▶ _WORK INSTRUCTIONS_
Transcribe exactly, and only, the lines running from the one with "6 Lowestoft Place, West" to the end of the entries below, both included, without any pictures.

▶ _EXTRACTED RECORDS_

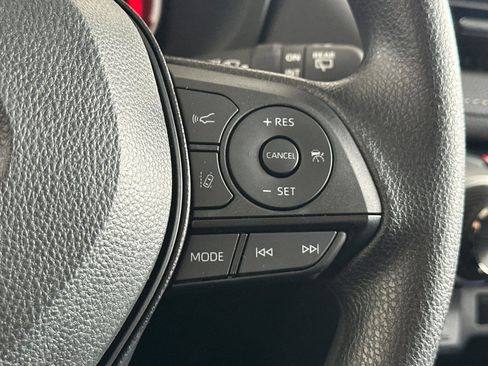 New 2025 Toyota RAV4 XLE image 28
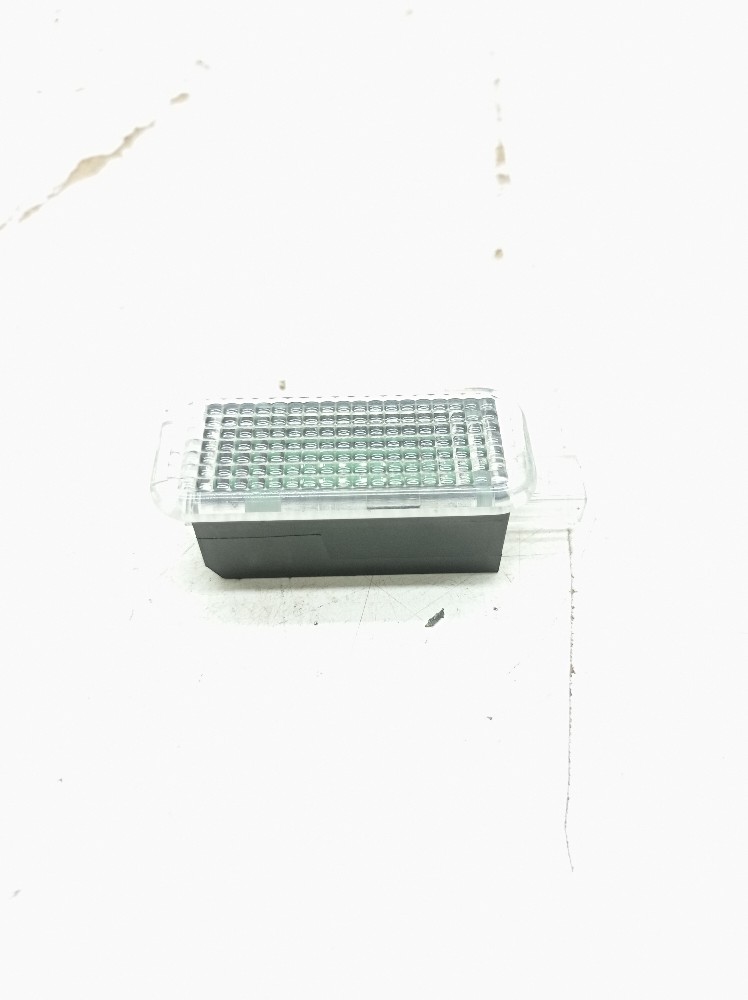 Luz Teto Cortesia Audi Q3 Tfsi 2.0 2015 2016 8j0947409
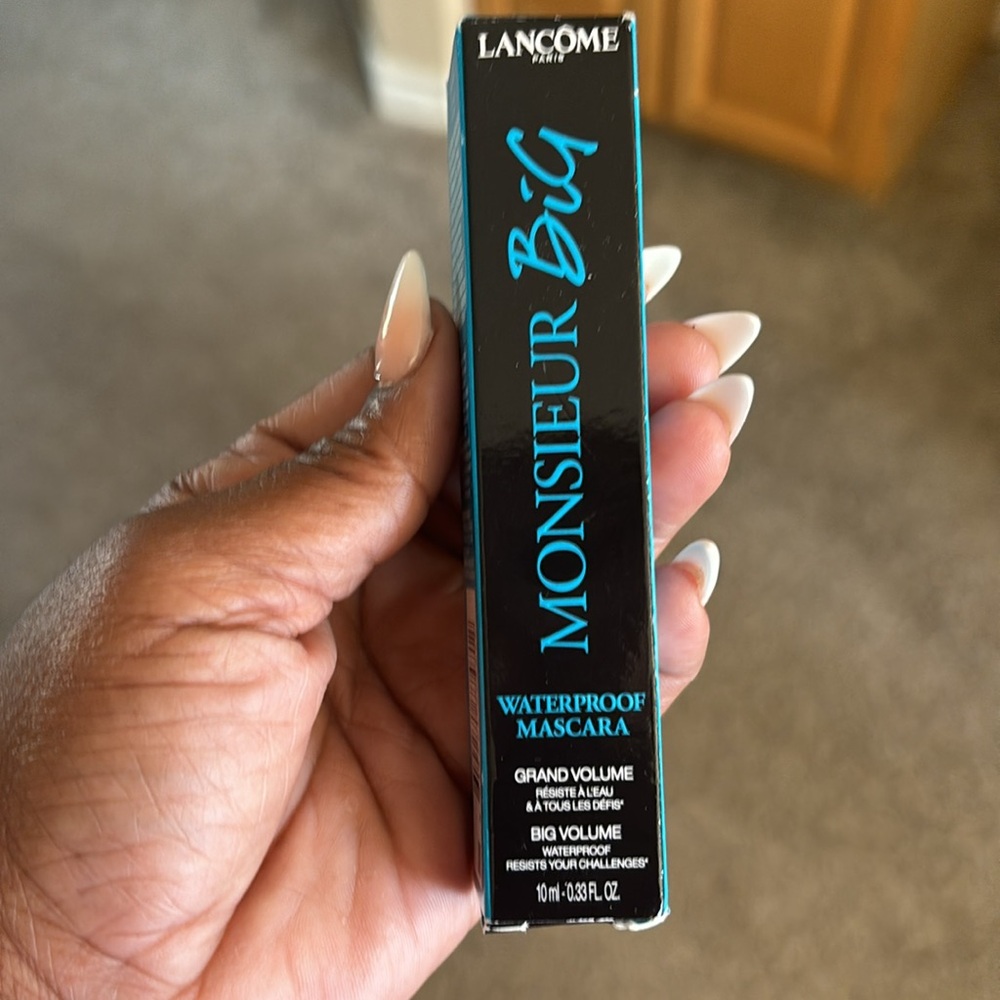 Makeup bundle NWT - Picture 15 of 16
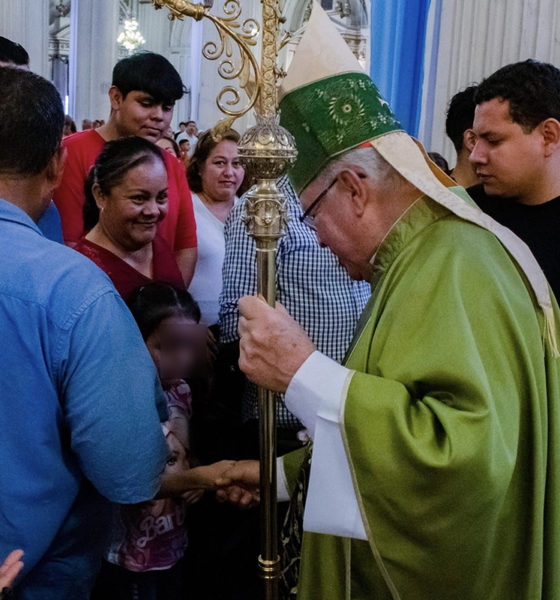 El Cardenal Francisco Robles Ortega, Arzobispo de Guadalajara, aseguró que el matrimonio y la familia son espacios fundamentales para preservar los valores humanos y proteger el don sagrado de la vida.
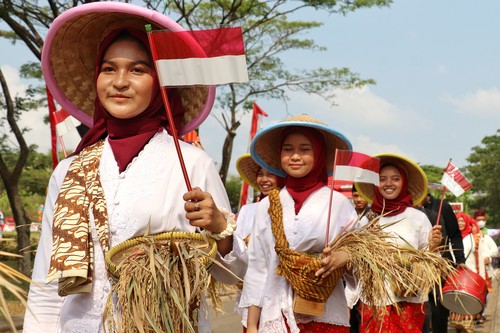Karnaval 17 Agustus, ide topi karnaval 17 Agustus. (Dok bekasikab.go.id)
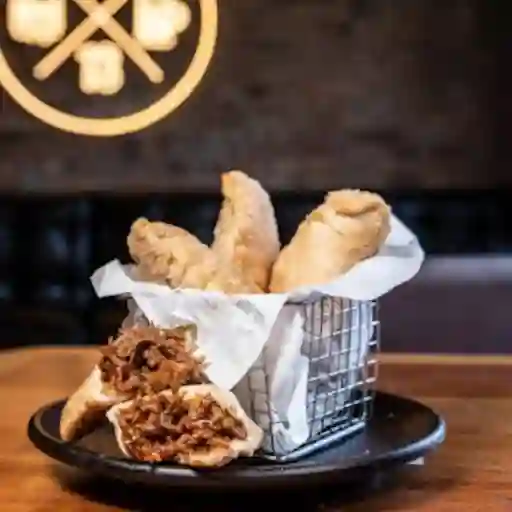 Empanadas Mechada - Guacamo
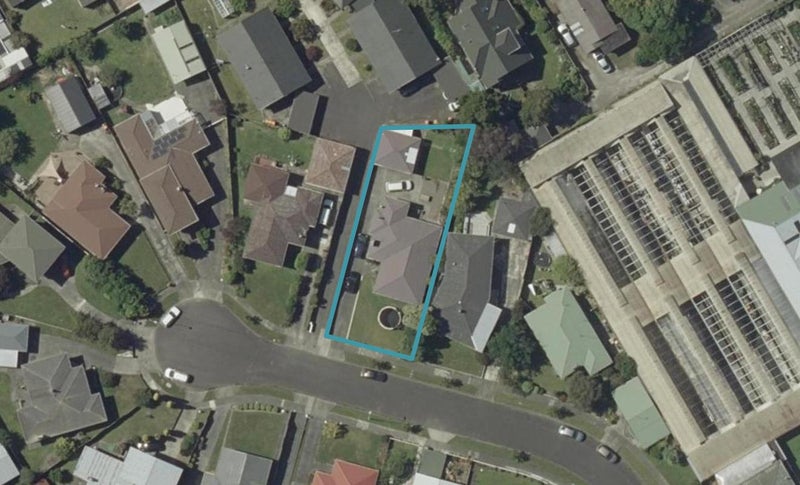 6 Lowestoft Place, West End, Palmerston North - Carousel 1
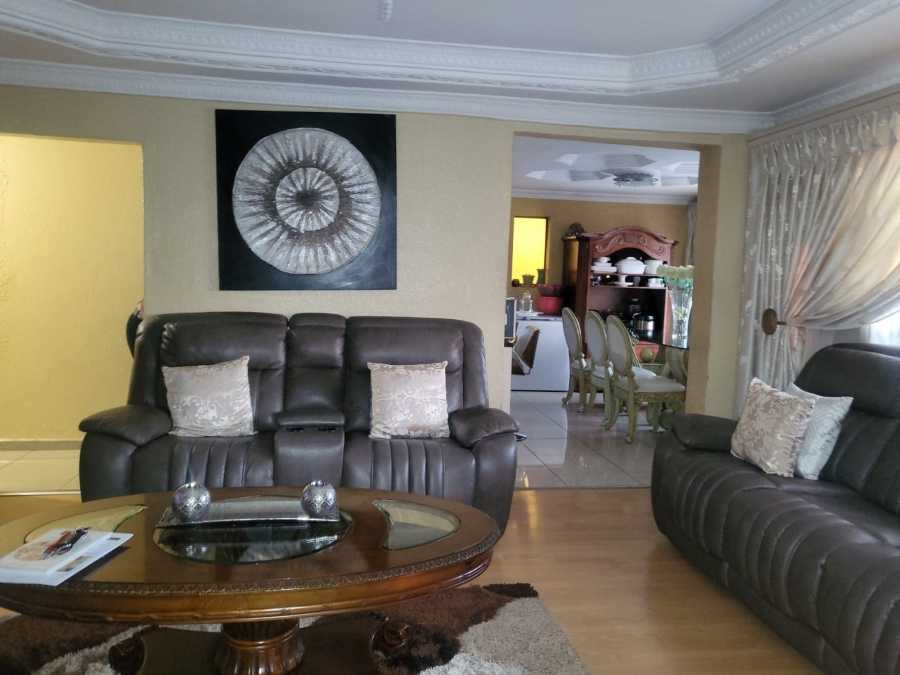 3 Bedroom Property for Sale in Kwa Thema Gauteng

▶ _YOUR SOLUTION_
 6 Lowestoft Place, West End, Palmerston North - Carousel 1
 3 Bedroom Property for Sale in Kwa Thema Gauteng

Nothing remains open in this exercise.